Cliffs Natural Resources (CLF) had liquidity in excess of $600 million at the end of 2Q15. This included cash and cash equivalents and available capacity on its asset-backed liability (or ABL) facility. At the end of the second quarter, no amount was drawn under the asset-backed liability facility of $532.7 million.
However, Cliffs used a high level of working capital, approximately $236 million year-to-date. The company attributed this high usage to the “usual seasonality” of the business. The management mentioned during the call that consistent with the seasonality of the business, the working capital should reverse in the second half of the year, more so in the fourth quarter. The velocity of receivables and the work-off of the inventory should contribute toward this decline.
Debt profile worsening
Cliffs’ net debt as of June 30 was $2.6 billion, compared with $3.1 billion a year earlier. However, the net debt has increased by $86 million, compared with the end of the first quarter. Net debt to annualized EBITDA (earnings before interest, tax, depreciation and amortization) works out to be 10x at the end of 2Q15. This is higher when compared to the ratio of 6.7x at the end of 1Q15.
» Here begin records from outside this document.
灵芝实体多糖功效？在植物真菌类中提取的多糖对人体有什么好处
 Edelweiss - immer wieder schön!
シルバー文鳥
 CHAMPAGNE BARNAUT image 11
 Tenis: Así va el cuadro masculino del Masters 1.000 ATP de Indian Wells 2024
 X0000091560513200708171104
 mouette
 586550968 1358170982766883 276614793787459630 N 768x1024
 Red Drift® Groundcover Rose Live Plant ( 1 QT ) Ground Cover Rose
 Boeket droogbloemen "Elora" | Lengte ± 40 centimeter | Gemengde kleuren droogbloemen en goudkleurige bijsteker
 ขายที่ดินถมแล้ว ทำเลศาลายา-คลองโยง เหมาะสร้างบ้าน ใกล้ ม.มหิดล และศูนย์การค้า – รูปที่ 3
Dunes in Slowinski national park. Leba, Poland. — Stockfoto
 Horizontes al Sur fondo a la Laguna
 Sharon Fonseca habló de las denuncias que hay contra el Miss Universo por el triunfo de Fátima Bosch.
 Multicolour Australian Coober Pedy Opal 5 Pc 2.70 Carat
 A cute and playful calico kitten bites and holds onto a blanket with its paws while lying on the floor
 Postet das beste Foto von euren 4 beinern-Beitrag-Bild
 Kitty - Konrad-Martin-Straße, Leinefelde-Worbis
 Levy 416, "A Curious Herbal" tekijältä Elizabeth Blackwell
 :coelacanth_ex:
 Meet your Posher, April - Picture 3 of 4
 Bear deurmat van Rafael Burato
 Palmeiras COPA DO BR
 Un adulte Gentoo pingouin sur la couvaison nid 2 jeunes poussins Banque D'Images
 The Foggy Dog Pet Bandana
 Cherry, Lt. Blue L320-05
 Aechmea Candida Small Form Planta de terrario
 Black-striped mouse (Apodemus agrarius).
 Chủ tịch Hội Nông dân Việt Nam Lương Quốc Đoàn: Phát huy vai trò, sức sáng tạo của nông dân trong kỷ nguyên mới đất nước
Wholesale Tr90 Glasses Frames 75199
With debt remaining more or less constant and EBITDA declining due to lower realized prices, Cliffs’ debt coverage could become worse going forward. Although management is doing what is under its direct control, the biggest factor impacting Cliffs’ iron ore prices is not under its control. This could mean further pressure on the company’s cash flows.
BHP Billiton (BHP), Rio Tinto (RIO), and Vale S.A. (VALE) are also facing cash flow woes due to depressed iron ore prices. Cliffs forms 3% of the SPDR S&P Metals and Mining ETF (XME). XME provides diversified exposure to this sector.